Ngungunyane morre no final da trilogia “As Areias do Imperador”, cujo primeiro volume o escritor moçambicano Mia Couto lança no Brasil neste mês.
O spoiler não foi dado pela reportagem, mas pela história: Gungunhane (a grafia do primeiro parágrafo é a africana e esta, a forma como portugueses passaram a pronunciar o nome) foi o último chefe do poderoso Estado de Gaza, que no século 19 desafiou lusitanos no território que viria a ser Moçambique – e morreu em 1906, capturado e exilado no arquipélago de Açores.
Não é a primeira vez que Mia usa personagens reais em suas narrativas – em “O Outro Pé da Sereia”, de 2006, o escritor acompanhou a trajetória do jesuíta Gonçalo da Silveira, que no século 16 empreendeu uma incursão católica no território africano.
Os diferentes períodos históricos de sua nação também foram pano de fundo de suas obras: já em “Terra Sonâmbula”, de 1992, a razão da fuga do velho Tuahir e o menino Muandinga é a guerra civil que assolou o país da África austral de 1977 até o ano da publicação deste romance de estreia do escritor.
No entanto, é a primeira vez que Mia se debruça tão minuciosamente sobre uma época. “Era para eu fazer um único livro, mas, quando estava em processo de escrita, percebi que ia ter quase 2 mil páginas”, conta à reportagem. Assim, o escritor, que começou sua carreira com contos, decidiu alongar sua prosa e fazer sua primeira série.

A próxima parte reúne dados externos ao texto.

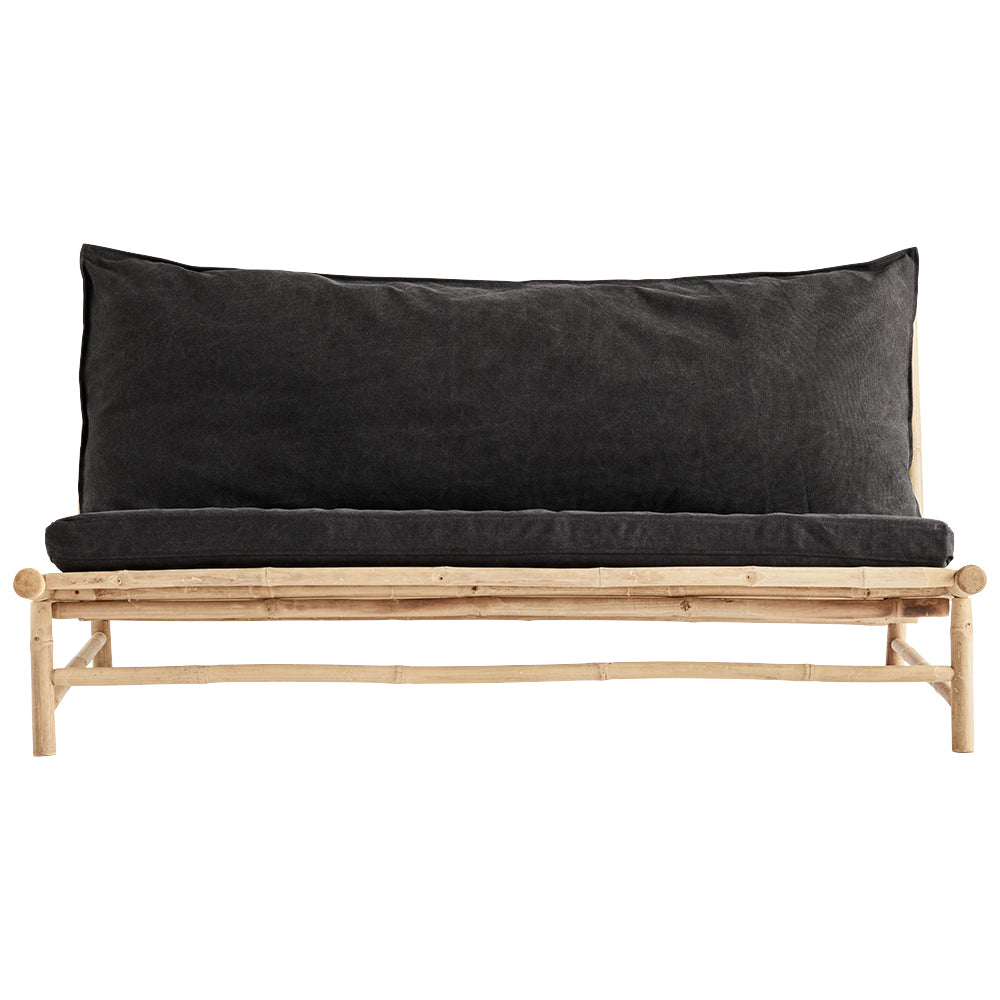 SLOW LOUNGER SOFA | BAMBOO | WHITE, SAND, GREY or BLACK MATTRESS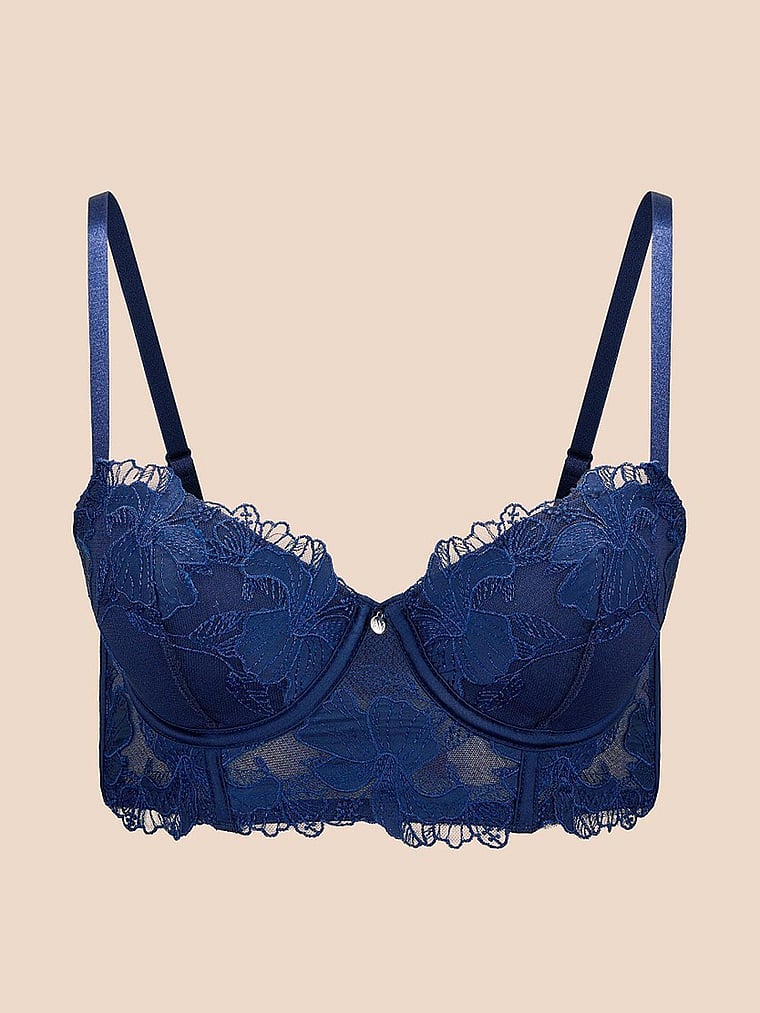 Carole Lightly Lined Demi Bra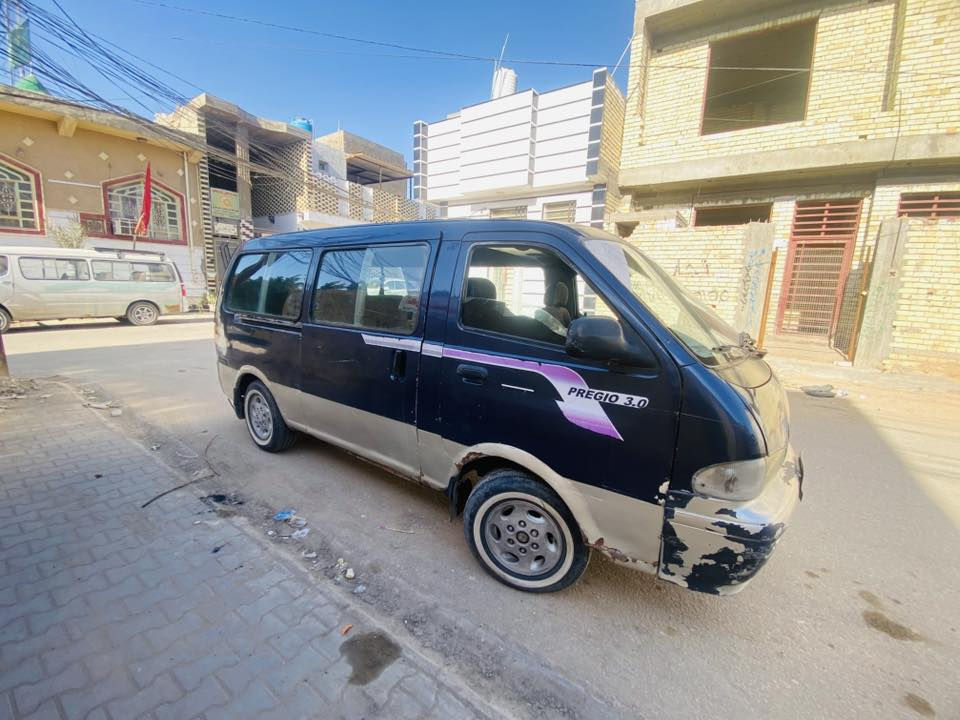 السلام عليكم
بريجو مديل95 وكاله فقط من الوكيل 

عليها هيئه 340 الف وغرامه مرور 600 الف 

 كير مكينه اكسل خير من الله مكينه هسه مجفتها 

شواصي معمرات والصور اكبالكم

تخم تاير صار شهر من شديته دلوب 

باتري جديد 

كشنات ستاركس بيها

رايدها 28 مكانها النجف الاشرف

O resultado que surge dessa empreitada, por enquanto, é “Mulheres de Cinzas”, seu 11.º romance, publicado em Portugal em outubro e que Mia lança na próxima semana por aqui no Brasil.
Primeiro volume
“Mulheres de Cinzas” trouxe para a vida de Mia muitas primeiras vezes. Ele diz, por exemplo, ser inédito o fato de saber para onde está indo sua história, antes mesmo de se sentar para escrevê-la. “Nunca foi meu estilo saber. Para mim, o grande elã, a grande pulsão da escrita é não saber.”
Dessa vez, no entanto, o autor afirma já ter o esqueleto das duas próximas obras, cuja narrativa deve acabar em 1906, nos Açores, junto com a vida de Ngungunyane.
Livro
Mia Couto. Companhia das Letras, 344 páginas, R$ 39,90
Este primeiro volume é narrado por meio de um dueto. De um lado, a menina Imani. Do outro, o militar português Germano de Melo. Ambos são seres estranhos em suas comunidades: ela é letrada, fala português e vive na única família da vila de costumes algo ocidentais.
Ele, republicano convicto, participou de uma revolta no Porto e foi enviado à colônia como punição.
“Eu quis colocar no lado português alguém que também estivesse em condição marginal”, conta Mia. “Ele retrata não um único Portugal, mas um país de várias intenções em uma mesma nação.”
Versões
Personagem controverso, o imperador Ngungunyane é lembrado de forma diferente pelos povos africanos. “Conforme a região do domínio desse Estado, a história varia. Alguns povos foram assimilados, outros encararam com alguma simpatia a invasão e outros resistiram e foram mortos.”
Já os portugueses podem ter exagerado, em sua versão oficial, o poder do imperador derrotado, conhecido como “O Leão de Gaza”.
“Eles derrubaram Ngungunyane numa época em que o Estado já estava em declínio, não era mais tão poderoso”, afirma o escritor.
“Mas tinham que provar para as outras potências europeias que tinham domínio militar sobre o território das colônias, ou iam perdê-las. Então tiveram que construir a ideia de que ele era muito poderoso, porque quanto mais forte meu inimigo, maior minha vitória.”
São as versões o ponto central do romance. Segundo Mia, é preciso ver com resistência o que a “elite moçambicana quer oferecer como um passado oficial”.
“Eu sou mais velho que o meu próprio país” diz Mia, 60, que tinha 20 anos à época da independência. “Num país tão recente, temos que lembrar que houve muitos passados.”